The real hero of this recording, however, is Modest Mussorgsky. At more than 3 1/2 hours, these three discs include all the music he composed for his various versions of "Boris," with none of the well-intended prettification that Rimsky-Korsakov gave the work after Mussorgsky's death. The recording speaks eloquently for Mussorgsky's simple, perhaps even crude, but powerful orchestration.

Still, most American orchestras are solidly in the Central European tradition, often under Central European conductors. In the Cleveland Orchestra, for example, Christoph von Dohnanyi (German-born of Hungarian ancestry) has revitalized the great heritage of the Hungarian George Szell. One of his best recent efforts is an outstanding set of the four Brahms symphonies, plus the Variations on a Theme by Haydn and the "Tragic" Overture (Teldec 244972-2 ZE, four CDs also available separately).

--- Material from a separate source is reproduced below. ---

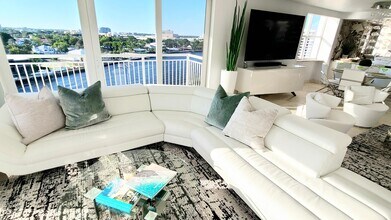 511 Bayshore Dr in Fort Lauderdale, FL - Building Photo - Building Photo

The Chicago Symphony, raised to a pinnacle of Central European style by Fritz Reiner (a Hungarian) in the last generation, has been kept there by another Hungarian, Sir Georg Solti. Where it will go under the direction of Daniel Barenboim, an Israeli born in Argentina who has been working in Paris since 1975, is uncertain. But Barenboim has worked long and hard to make the Orchestre de Paris play German music in a German style, his Beethoven is impeccable when he conducts the Berlin Philharmonic, and as a pianist he has just recorded a superb interpretation of Bach's "Goldberg" Variations -- hard-core Central European repertoire for sure (Erato 2292-45468-2).

The great Reiner tradition in Chicago is well-documented on compact discs from RCA -- for example, 60002-2-RG (Beethoven's First and Sixth symphonies) or 60388-2-RG (the Strauss "Symphonia Domestica" and "Death and Transfiguration"). Most American orchestras, while they may be particularly strong in one kind of repertoire, pride themselves on versatility. The Chicago Symphony shows this quality in a two-CD set, available in return for a $50 contribution to its development fund, titled "Guests in the House." It features the orchestra playing brilliantly under 10 guest conductors in a variety of styles -- French, German, Spanish, American, even English.

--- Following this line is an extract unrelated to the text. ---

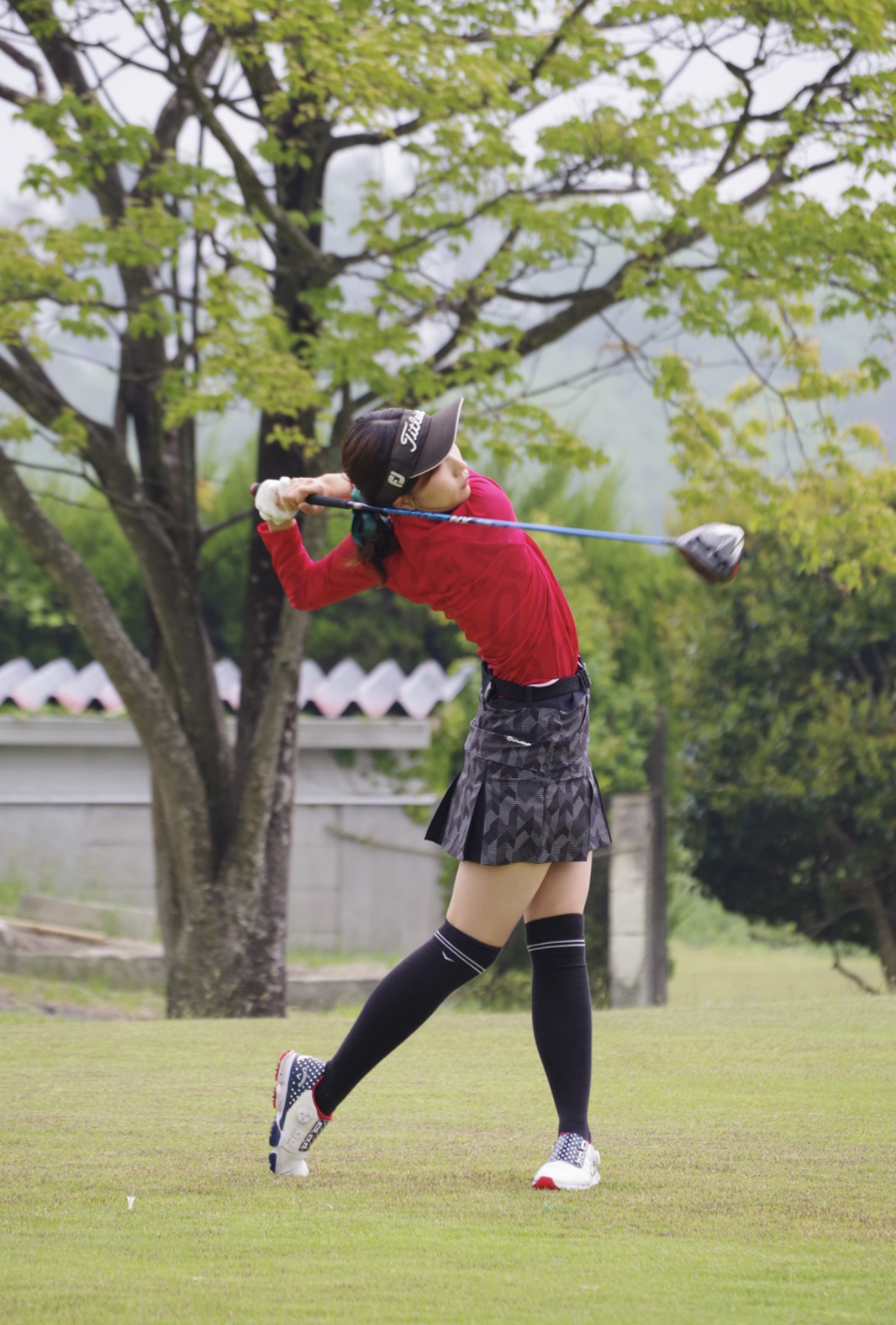 山根朱理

The Milwaukee Symphony, which is the primary performer on the Milwaukee-based Koss label, remains solidly Central European under Czech conductor Zdenek Macal (note his very solid reading of Beethoven's Ninth Symphony on Koss KC-1003). But it also recognizes a special responsibility to American music and fulfills some of that responsibility in a new collection of works by Lukas Foss ("Ode for Orchestra," "Song of Songs" and "With Music Strong") with the composer conducting (Koss KC-1004). This is powerful, inventive music that deserves preservation on records. So is the music of Walter Piston (the Second and Sixth symphonies and the Sinfonietta), which Gerard Schwarz has recorded with the Seattle Symphony and the New York Chamber Symphony on Delos DE 3074. But the realities of record marketing seldom allow American orchestras to record much American music.

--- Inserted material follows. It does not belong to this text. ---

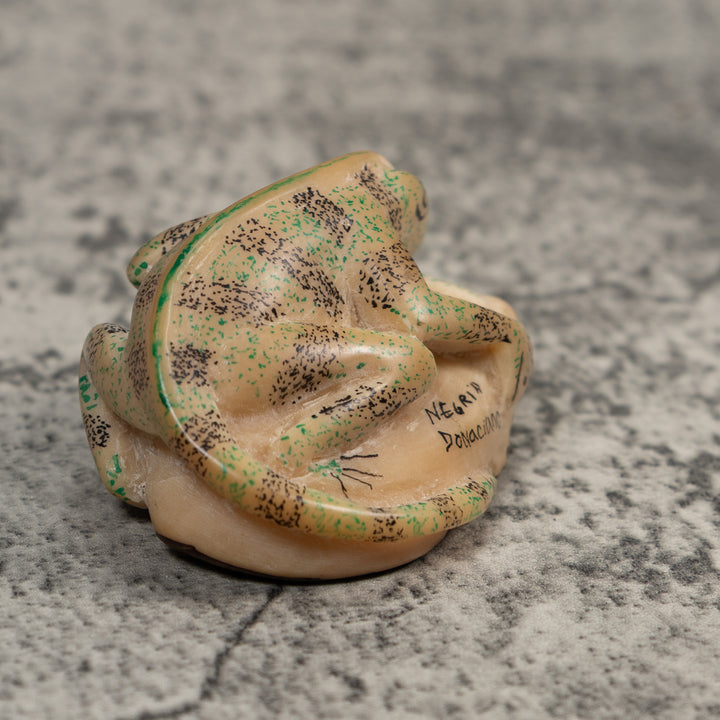 Vintage Green And Black Gecko Lizard Tagua Carving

David Zinman, music director of the Baltimore Symphony, is -- like Schwarz in Seattle and Slatkin in St. Louis -- one of the still-rare American conductors in charge of a major American orchestra. His work on records is outstanding, and it crosses easily the lines that divide French and/or Russian repertoire from that of Central Europe. I plan to celebrate Bastille Day next Saturday with his recording of the Berlioz arrangement of the "Marseillaise" (Telarc CD-80164). But he is equally impressive in symphonies of Schumann (Telarc CD-80230) or (with pianist Horacio Guttierez) the top-40 warhorses of Tchaikovsky and Rachmaninoff (Telarc CD-80193). If the style wars among American orchestras ever reach a peaceful conclusion, it will probably be through the appointment to key positions of more native American conductors who feel equally at home in all the world's classical idioms.